*** Opening Supplied material ***

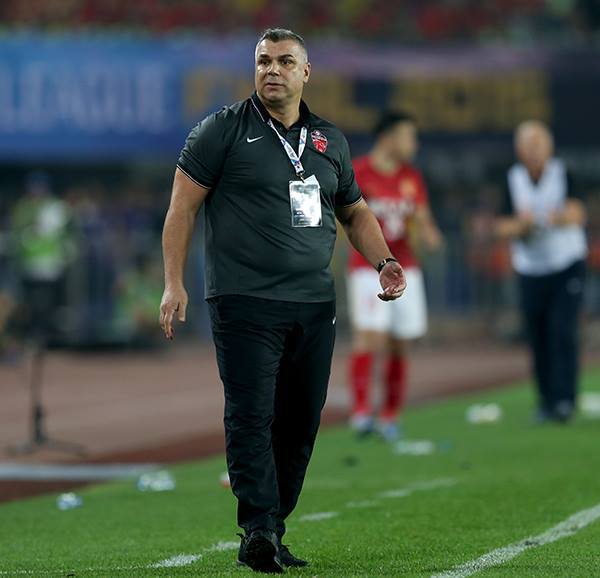 Echipa lui Cosmin Olăroiu, Al Ahli, va întâlni formaţia saudită cu acelaşi nume în optimile Ligii Campionilor Asiei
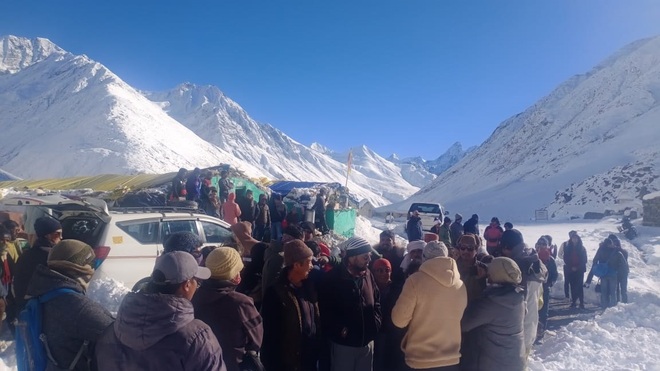 60 passengers rescued in Lahaul valley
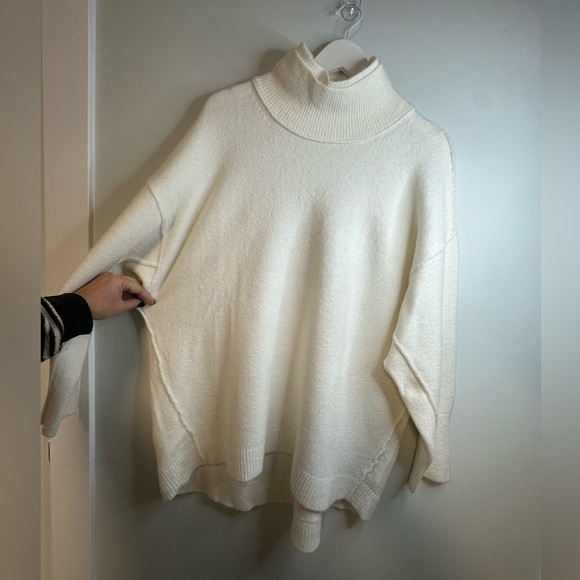 Free People Afterglow Mock Neck Cream Oversized Cozy Winter Sweater Size Smalll - Picture 11 of 17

*** Closing Supplied material ***

## Work item
The job is to set down the whole listing exactly, excluding any images.

## Response box
 Echipa lui Cosmin Olăroiu, Al Ahli, va întâlni formaţia saudită cu acelaşi nume în optimile Ligii Campionilor Asiei
 60 passengers rescued in Lahaul valley
 Free People Afterglow Mock Neck Cream Oversized Cozy Winter Sweater Size Smalll - Picture 11 of 17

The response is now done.